» **MATERIAL TO PROCESS**
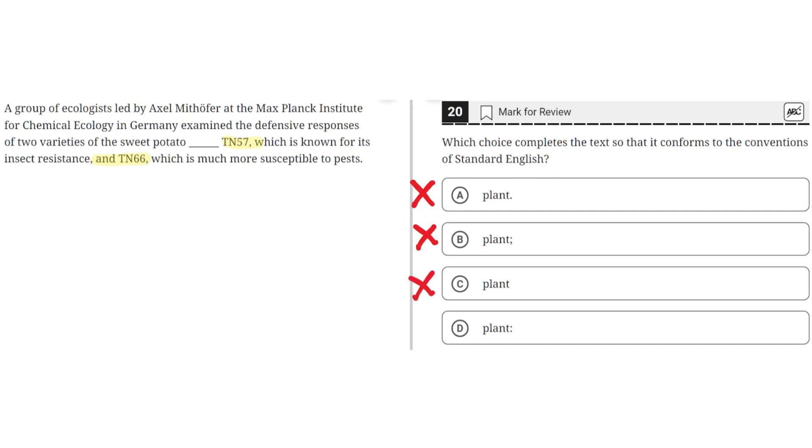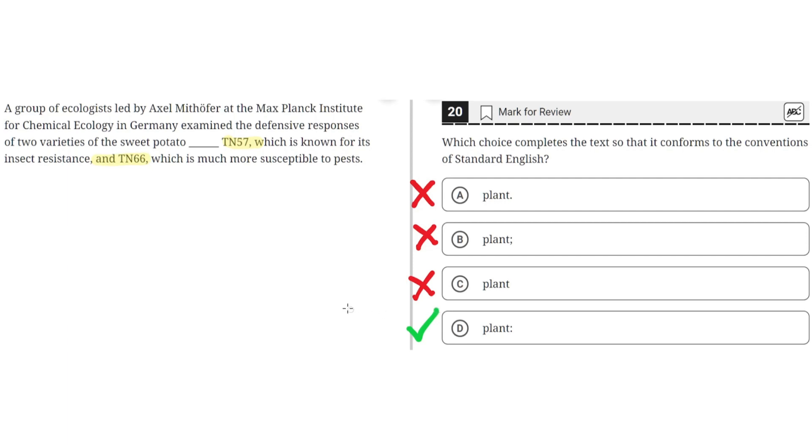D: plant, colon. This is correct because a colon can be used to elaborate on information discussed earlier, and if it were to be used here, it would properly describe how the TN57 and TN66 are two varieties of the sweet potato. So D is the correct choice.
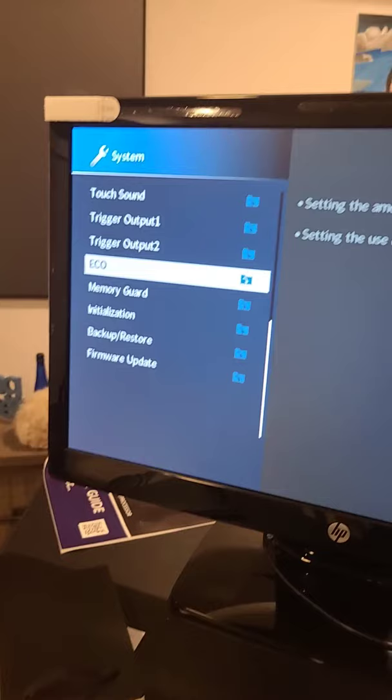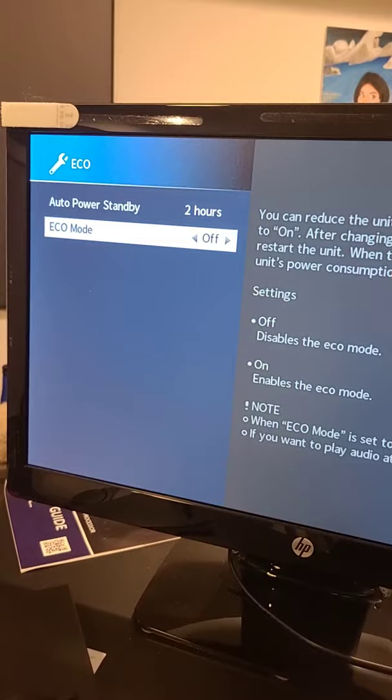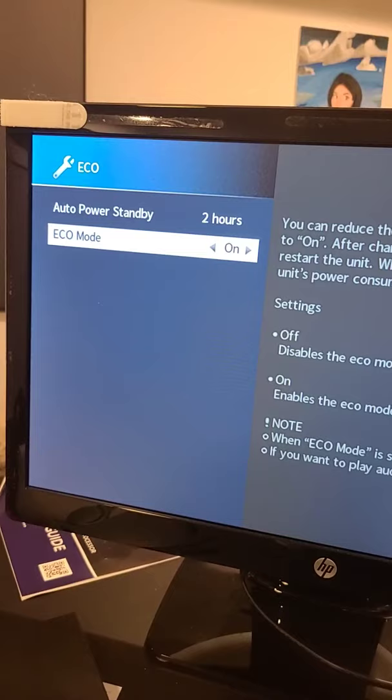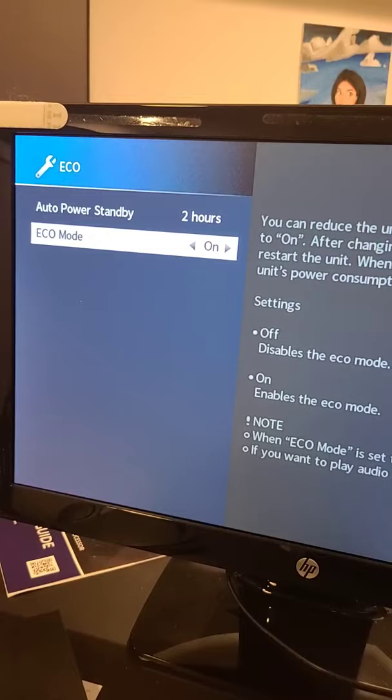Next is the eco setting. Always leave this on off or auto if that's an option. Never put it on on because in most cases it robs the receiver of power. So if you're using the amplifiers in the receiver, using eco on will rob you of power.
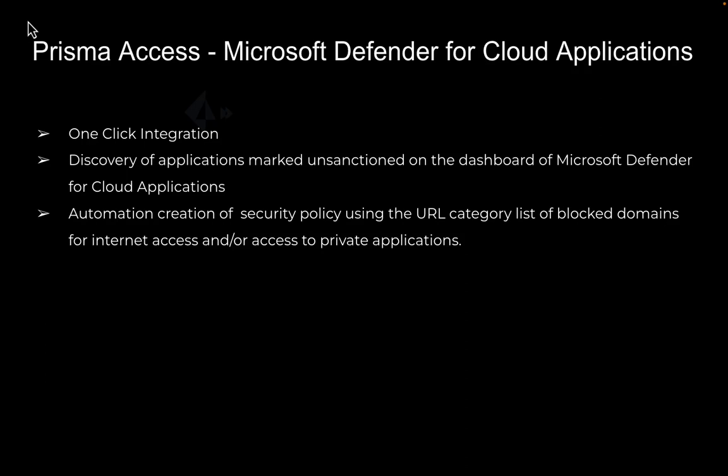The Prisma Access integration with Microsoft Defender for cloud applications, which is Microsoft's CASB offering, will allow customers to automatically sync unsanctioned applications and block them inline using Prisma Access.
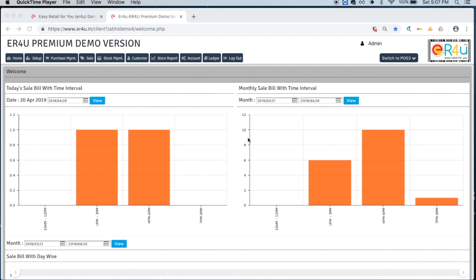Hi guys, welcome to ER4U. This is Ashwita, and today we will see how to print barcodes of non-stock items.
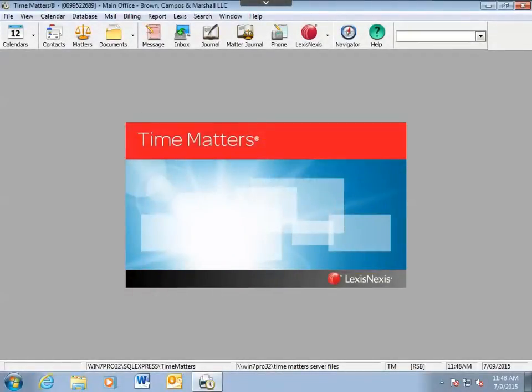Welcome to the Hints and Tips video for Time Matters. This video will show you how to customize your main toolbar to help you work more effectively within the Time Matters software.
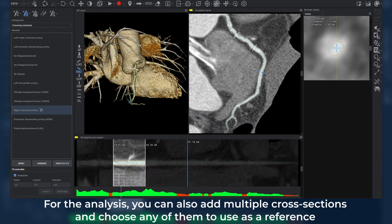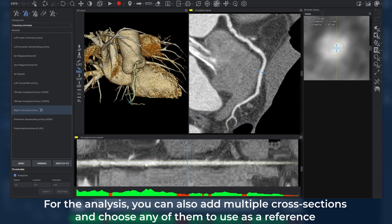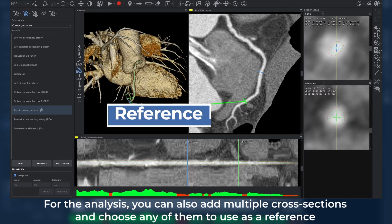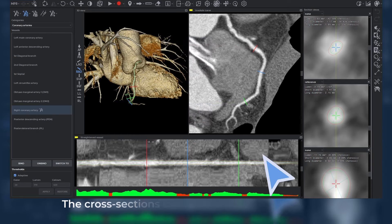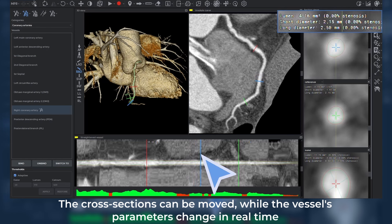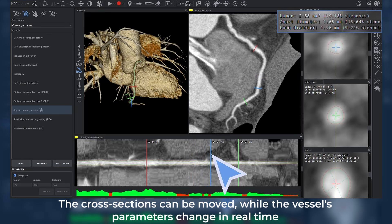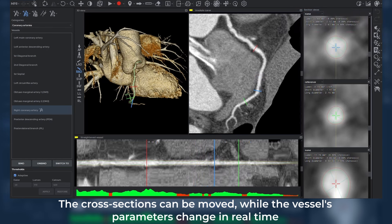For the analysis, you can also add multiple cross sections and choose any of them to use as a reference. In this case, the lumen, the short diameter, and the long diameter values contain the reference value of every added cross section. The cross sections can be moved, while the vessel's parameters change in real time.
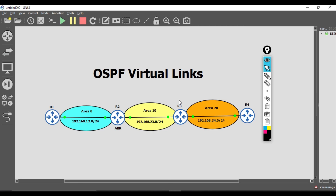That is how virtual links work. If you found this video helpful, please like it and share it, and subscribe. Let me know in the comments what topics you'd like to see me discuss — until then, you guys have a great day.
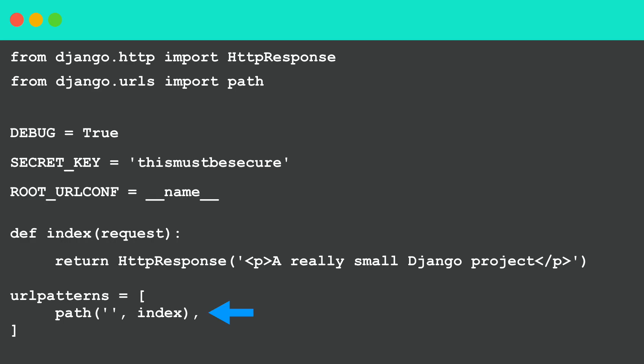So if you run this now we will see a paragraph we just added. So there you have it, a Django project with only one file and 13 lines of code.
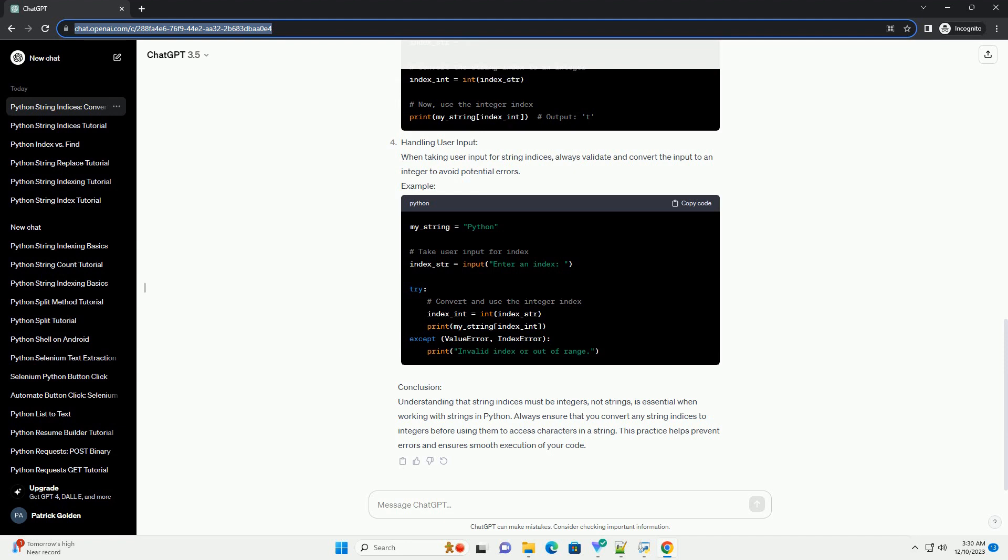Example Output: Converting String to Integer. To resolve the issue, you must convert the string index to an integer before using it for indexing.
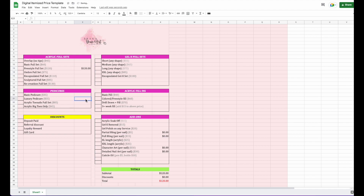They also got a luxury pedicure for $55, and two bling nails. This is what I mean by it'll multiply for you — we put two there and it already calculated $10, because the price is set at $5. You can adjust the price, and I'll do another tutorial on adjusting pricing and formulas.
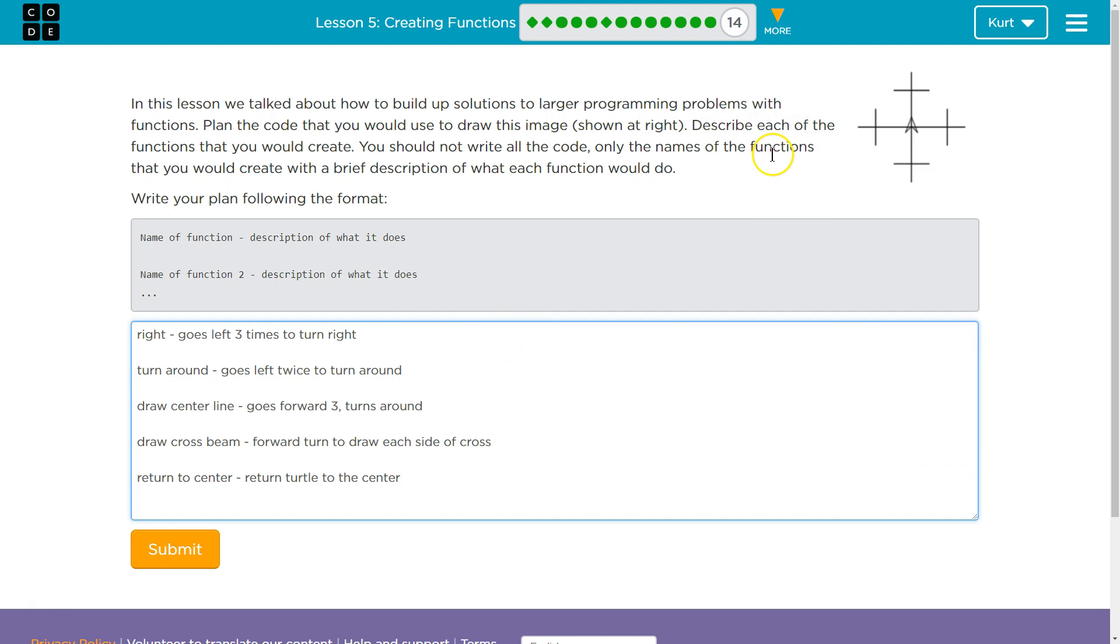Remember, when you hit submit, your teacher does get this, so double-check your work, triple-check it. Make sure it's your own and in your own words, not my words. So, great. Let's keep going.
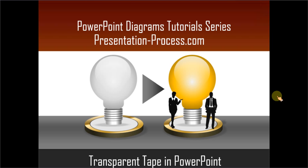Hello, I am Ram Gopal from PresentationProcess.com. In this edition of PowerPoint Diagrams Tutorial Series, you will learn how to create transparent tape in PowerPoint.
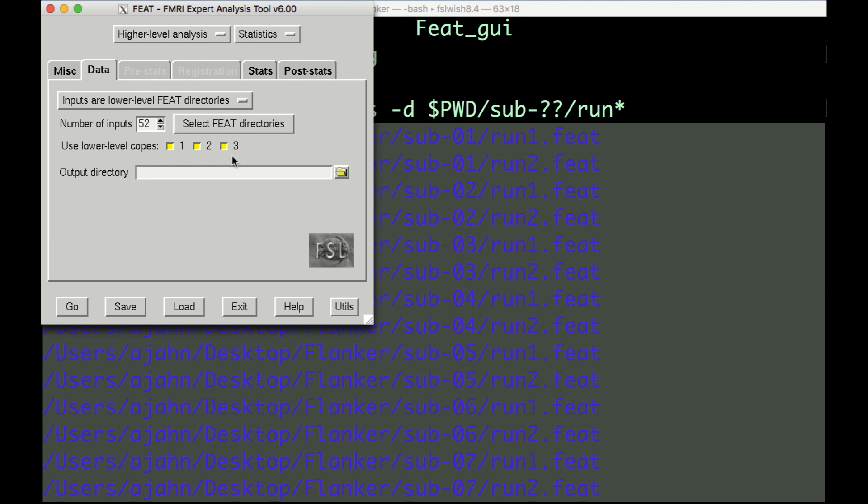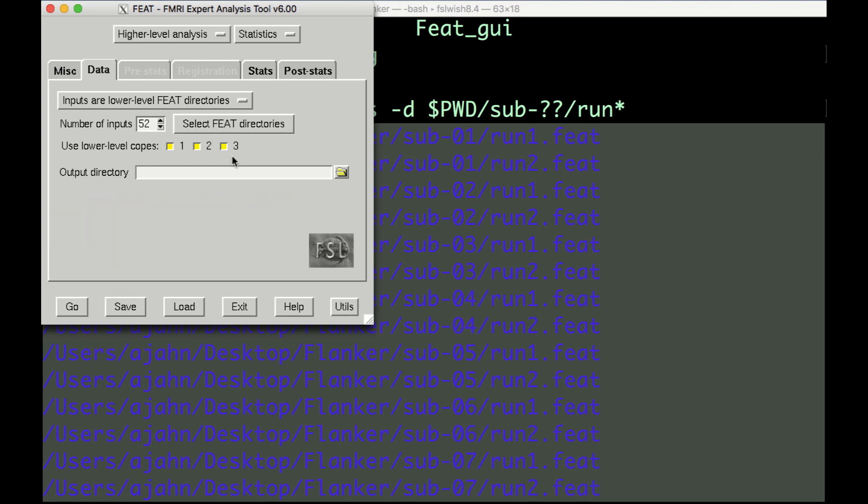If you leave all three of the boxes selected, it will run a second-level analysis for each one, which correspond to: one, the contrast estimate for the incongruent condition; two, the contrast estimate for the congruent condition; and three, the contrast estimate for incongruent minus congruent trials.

» **PROBLEM**
With all pictures omitted, return the lines from the line containing "Example Output: Converting" through the closing line of the listing above, exactly and inclusive.

» **SOLUTION TO THE EXERCISE**
Example Output: Converting String to Integer. To resolve the issue, you must convert the string index to an integer before using it for indexing.
They also got a luxury pedicure for $55, and two bling nails. This is what I mean by it'll multiply for you — we put two there and it already calculated $10, because the price is set at $5. You can adjust the price, and I'll do another tutorial on adjusting pricing and formulas.
Remember, when you hit submit, your teacher does get this, so double-check your work, triple-check it. Make sure it's your own and in your own words, not my words. So, great. Let's keep going.
Hello, I am Ram Gopal from PresentationProcess.com. In this edition of PowerPoint Diagrams Tutorial Series, you will learn how to create transparent tape in PowerPoint.
If you leave all three of the boxes selected, it will run a second-level analysis for each one, which correspond to: one, the contrast estimate for the incongruent condition; two, the contrast estimate for the congruent condition; and three, the contrast estimate for incongruent minus congruent trials.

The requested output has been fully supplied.